18K solid case and clasp fittings elaborately engraved and enameled, housing portrait of (yet) unknown sitter of watercolor on ivory with a small surface crack to the ivory. This piece came from a Maryland estate, and believed to be painted by John Wood Dodge, American (1807-1893).

What a magnificent and complete bracelet, with its clasp and hairwork intact. Pieces like this are truly individual, nothing can match or compare to it, because its materials and subject permeate every level of its construction.

Note the enamel to the back of the clasp and how the use of enamel was becoming fashionable for larger items of jewellery, after being pushed aside for the lines and art of the neo-classical pieces.

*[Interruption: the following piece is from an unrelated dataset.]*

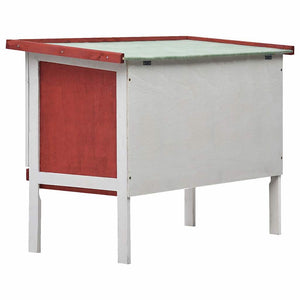 Kaninchenstall 1 Ebene Rot Holz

I could look at this piece all day. It’s a true work of art, there’s no other way to describe it.

Well, one more picture and I’m going to enjoy the rest of the day.

Courtesy of Sarah Nehama.

3 Responses to “Spotlight On: John Wood Dodge Miniature”

  1. Sarah Says:

    Although the miniature has not been out of the case for examination, I’ve shown all these pictures to one of the foremost experts on portrait miniatures in this country, Elle Shushan. She thinks the portrait is not by JW Dodge, and not even American, but French. That’s as much as I’ve gotten, and since I’m not going to open it myself, that’s how it’ll stay!

    for reference, and to drool over more:

  2. Well done, Sarah! French, you say? Well, that would account for the enamel and its design. Very interesting!